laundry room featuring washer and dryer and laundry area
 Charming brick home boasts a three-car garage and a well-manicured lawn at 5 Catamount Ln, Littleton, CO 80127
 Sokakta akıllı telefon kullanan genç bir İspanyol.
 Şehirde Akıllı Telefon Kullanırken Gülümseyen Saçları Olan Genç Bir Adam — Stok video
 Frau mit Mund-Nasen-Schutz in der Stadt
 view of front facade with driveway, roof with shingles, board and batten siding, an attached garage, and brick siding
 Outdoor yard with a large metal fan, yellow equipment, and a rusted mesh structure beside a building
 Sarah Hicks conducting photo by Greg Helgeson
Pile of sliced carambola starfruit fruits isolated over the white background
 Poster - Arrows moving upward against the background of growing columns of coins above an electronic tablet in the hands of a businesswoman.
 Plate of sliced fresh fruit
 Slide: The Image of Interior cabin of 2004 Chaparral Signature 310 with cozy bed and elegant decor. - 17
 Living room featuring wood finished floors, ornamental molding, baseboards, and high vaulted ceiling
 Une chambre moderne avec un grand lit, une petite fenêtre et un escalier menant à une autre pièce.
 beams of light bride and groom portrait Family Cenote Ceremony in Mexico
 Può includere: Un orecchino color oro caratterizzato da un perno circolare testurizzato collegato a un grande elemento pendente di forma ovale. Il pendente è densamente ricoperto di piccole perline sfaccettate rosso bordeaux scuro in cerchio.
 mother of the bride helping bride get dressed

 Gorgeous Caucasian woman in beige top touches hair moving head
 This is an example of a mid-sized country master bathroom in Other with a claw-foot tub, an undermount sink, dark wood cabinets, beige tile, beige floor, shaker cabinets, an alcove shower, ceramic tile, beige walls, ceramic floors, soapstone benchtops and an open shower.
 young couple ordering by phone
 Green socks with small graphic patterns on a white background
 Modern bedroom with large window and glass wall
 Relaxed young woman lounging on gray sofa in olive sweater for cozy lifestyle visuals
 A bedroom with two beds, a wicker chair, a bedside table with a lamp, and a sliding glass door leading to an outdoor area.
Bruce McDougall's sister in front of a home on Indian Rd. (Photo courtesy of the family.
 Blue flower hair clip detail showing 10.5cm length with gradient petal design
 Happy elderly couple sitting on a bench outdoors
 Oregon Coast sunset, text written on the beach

--------------------

▶ Task goal:
Scan the material above for the word "area", and copy each line where it appears.

▶ Result below:
laundry room featuring washer and dryer and laundry area
 A bedroom with two beds, a wicker chair, a bedside table with a lamp, and a sliding glass door leading to an outdoor area.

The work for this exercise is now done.